Tu as quelque chose à dire ? Alors envoie-nous ton idée pour un article d'opinion à journal@journal.lu.
À cela s'ajoute le fait que la rénovation et la réaffectation de bâtiments existants s'avèrent également de plus en plus difficiles. D'une part, les obligations légales et techniques de nombreuses communes sont élevées et souvent complexes, ce qui rend les projets de transformation coûteux en temps et en argent. D'autre part, les prix d'achat des biens immobiliers existants se situent souvent à un niveau qui n'est guère viable économiquement, même lorsque des investissements importants sont nécessaires pour la rénovation énergétique ou les adaptations structurelles. Cela bloque un énorme potentiel dans le parc immobilier existant, alors qu'il s'agirait justement d'un levier important pour augmenter le nombre de logements.
Au final, une question fondamentale se pose inévitablement : quelle vision le Luxembourg a-t-il pour lui-même – en 2050, voire en 2100 ? Le pays veut-il continuer à croître, économiquement, démographiquement et spatialement ? Ou bien la croissance doit-elle être limitée, dirigée et redéfinie qualitativement à l'avenir ? Jusqu'à présent, ces questions sont trop rarement posées ouvertement, bien qu'elles déterminent l'avenir du pays.
Car la construction de logements, l'infrastructure, la mobilité, l'approvisionnement en énergie et le marché du travail ne peuvent pas être considérés isolément. Elles sont l'expression d'un choix de société fondamental : quel type de pays le Luxembourg veut-il être ? Un site économique international avec une forte valeur ajoutée et une immigration importante ? Un lieu de résidence à prix élevé avec un accès limité ? Ou un pays socialement équilibré, qui allie dynamisme économique et qualité de vie ?
Dans ce contexte, un changement de cap politique clair s'impose. Celui-ci doit aller au-delà de mesures ponctuelles et être conçu à long terme, tous partis confondus, pour des thèmes cruciaux.
Sans une vision claire à long terme, la politique risque de devenir une simple gestion de crise. On réagit alors aux goulots d'étranglement au lieu de les anticiper. La question du logement le montre de manière exemplaire : pendant des années, on a trop peu construit, trop hésité à planifier et trop peu investi, avec pour résultat qu'aujourd'hui, des groupes entiers de population ne trouvent plus de place dans le système.

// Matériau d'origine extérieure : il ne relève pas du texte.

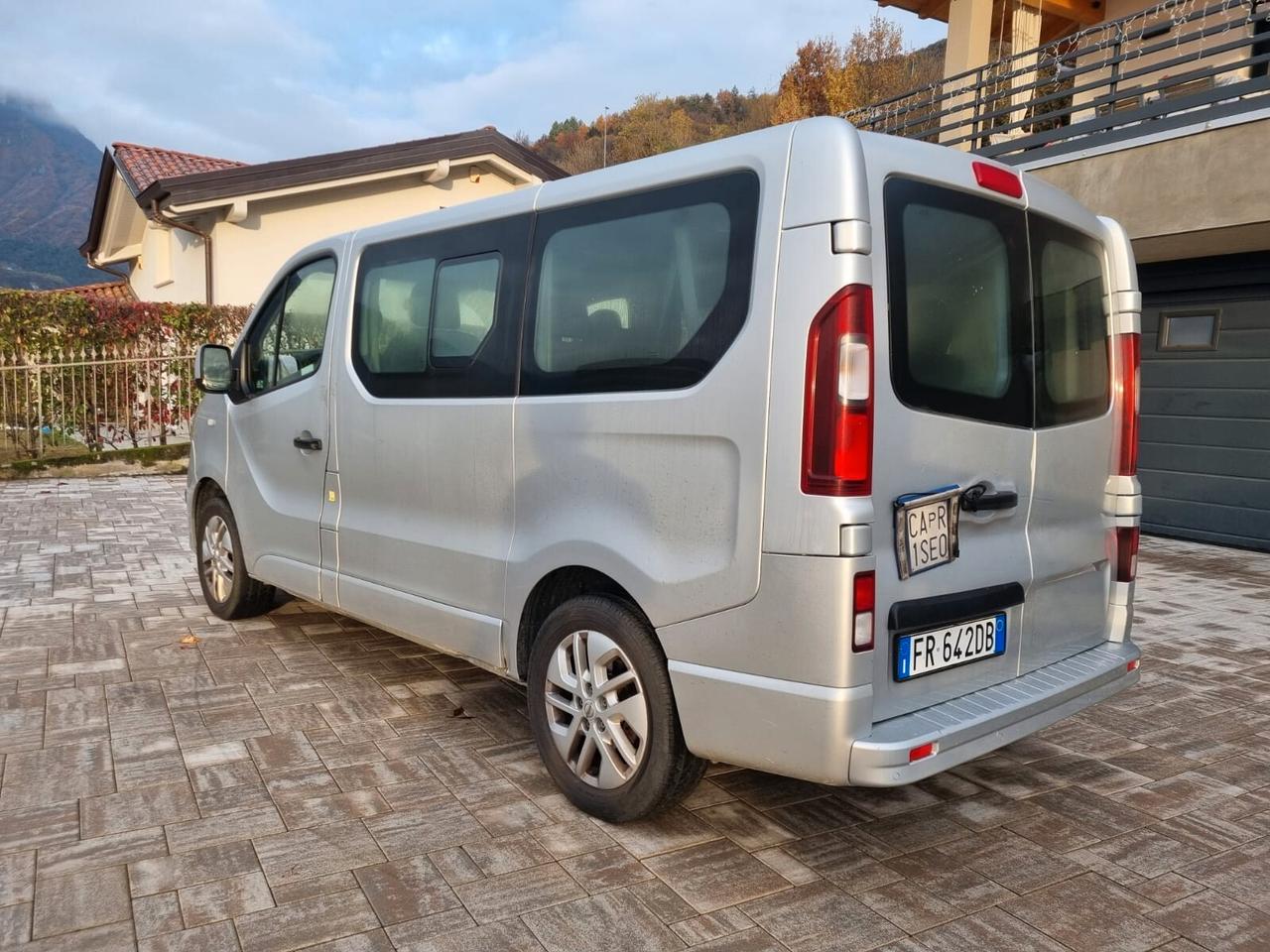 Opel Vivaro OPEL VIVARO 1.6 BITURBO ECOFLEX 9 POSTI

Une perspective durable exige le courage de prendre des décisions inconfortables. Elle nécessite un débat honnête sur le niveau de croissance supportable, sur les endroits à densifier, sur la manière d'organiser la mobilité et sur le rôle que l'État doit jouer dans la mise à disposition de logements. Mais il faut surtout un consensus social sur le fait que le logement ne doit pas être un bien de luxe, mais une condition centrale de la cohésion sociale et de la stabilité économique.
Une chose est sûre : si l'on ne parvient pas à relancer de manière significative la construction de logements, les tensions sociales risquent de s'aggraver. L'accès à un logement abordable reste l'un des principaux défis pour l'avenir du Luxembourg.